9.1 Except as otherwise agreed in writing, including the release of agreed public announcements, the
parties agree to keep all terms and particulars of this Agreement strictly confidential at all times, subject to any disclosure which may be required by law.
9.2 Nothing contained in this Agreement shall be deemed to create any relationship or partnership, joint venture or agency between the parties.
9.3 This Agreement may only be varied or amended by the written agreement of both parties.
9.4 The Sponsor shall not assign, sub-licence, divest or otherwise seek to delegate any of its rights and obligations hereunder without the prior written consent of the Event Owner.
9.5 A waiver by either party of a breach of any term or condition of this Agreement in any one instance shall be in writing and shall not be deemed as a continuing waiver or a waiver of any subsequent breach unless so provided for by the written notice.
9.6 Should any term of this Agreement be considered void or voidable under any applicable law, the said term shall be severed or amended in such a manner as to render the remainder of this Agreement valid or enforceable, unless the whole commercial object is thereby frustrated.
9.7 Any notice given under this Agreement shall be in writing and shall be sent to the party to be served as above written or such other address of which notice has been previously given to the other party in accordance with this clause.

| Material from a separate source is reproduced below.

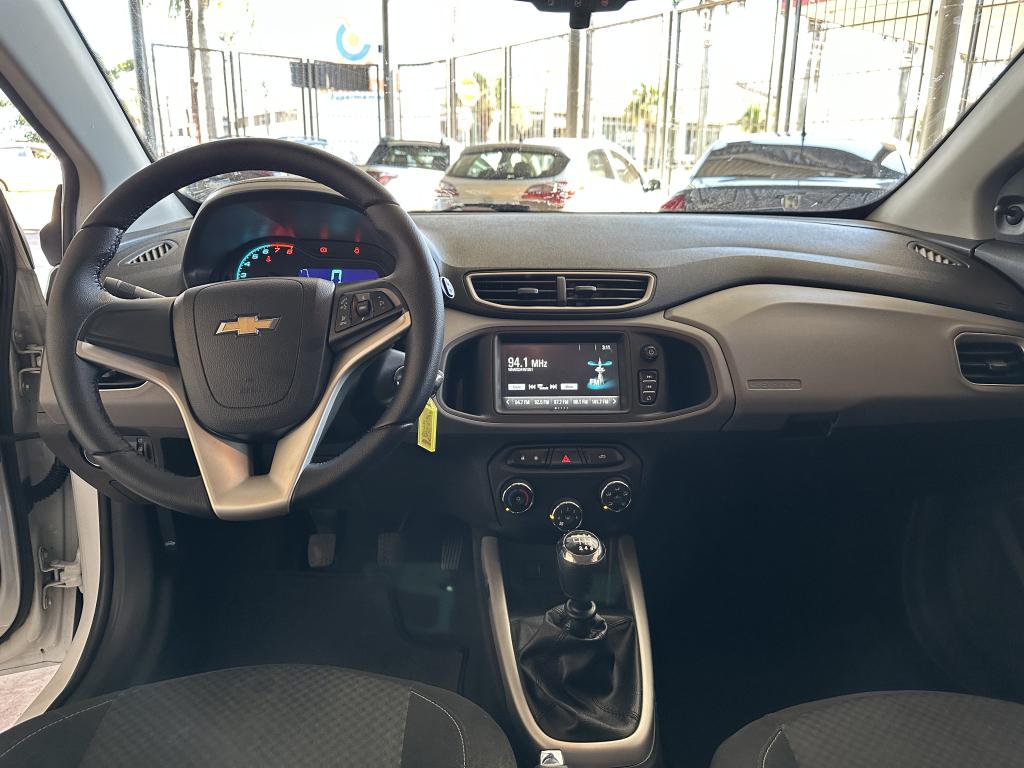 CHEVROLET Onix Hatch - Foto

All notices shall be delivered by hand or sent by facsimile or, by first class letter. All notices shall be deemed to have been received if delivered by hand on the date of delivery, if posted on the expiration of 48 hours after posting and if sent by facsimile at the time of transmission.
9.8 This Agreement including the Schedules contains the entire agreement of the parties with respect to the subject matter of this Agreement and supersedes all prior agreements and arrangements (whether written or oral) in relation to such subject matter between the parties.
9.9 The construction, validity and performance of this Agreement shall be governed in all respects by English law and the parties hereby submit to the exclusive jurisdiction of the English Courts.